Tucked between these two perspectives is a “middle ground” approach that balances the need for discovery with the importance of maintaining the privilege. As the Arizona Supreme Court explains in State Farm v. Lee, waiver will not be found solely because the insured has filed a bad faith action, the insurer denies the allegations of bad faith in its answer, or the insurer asserts an affirmative defense of good faith in its pleadings. Instead, if the insurer relies on a defense that it subjectively and reasonably evaluated the law—but the evaluation necessarily incorporated what the insurer learned from its lawyer—the communication is likely to be found discoverable.

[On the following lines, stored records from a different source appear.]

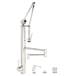 Waterstone - 3710-18-4-MW - Pull Down Kitchen Faucets
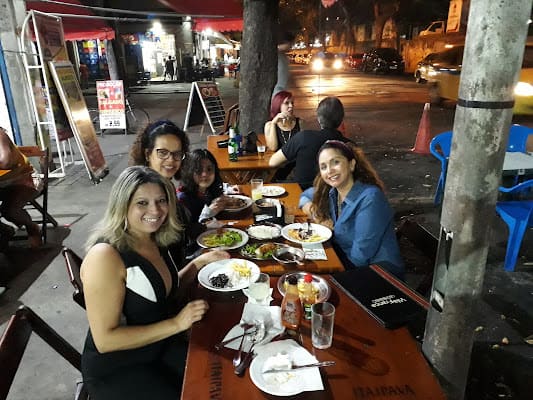 Bar do Bigode, Bar in Vila Mimosa, Rio de Janeiro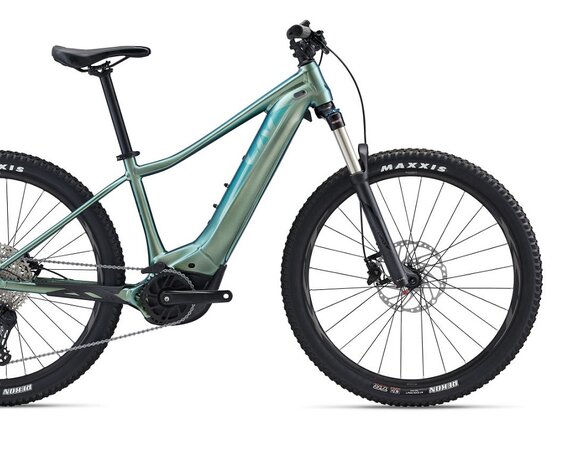 Elektrobicykel Liv Vall E+ 1 Fanatic Teal 2022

When confronted with EC claims arising from the handling of UM and UIM claims, defense counsel and the EC claims professional must determine whether, and to what extent, the attorney-client privilege protects the underlying claim file. If that file enjoys at least some protection under the privilege, the next concern is whether defending the bad faith claim may trigger an express or implied waiver. Whether a waiver is possible will depend on the unique facts of the case but will most likely be found when communications with counsel are used to defend the bad faith allegations. Consequently, defense counsel and the EC claims professional should anticipate aggressive discovery and motion practice from the plaintiff-insured when attorney-client communications in the underlying claim file are used to rebut allegations of bad faith.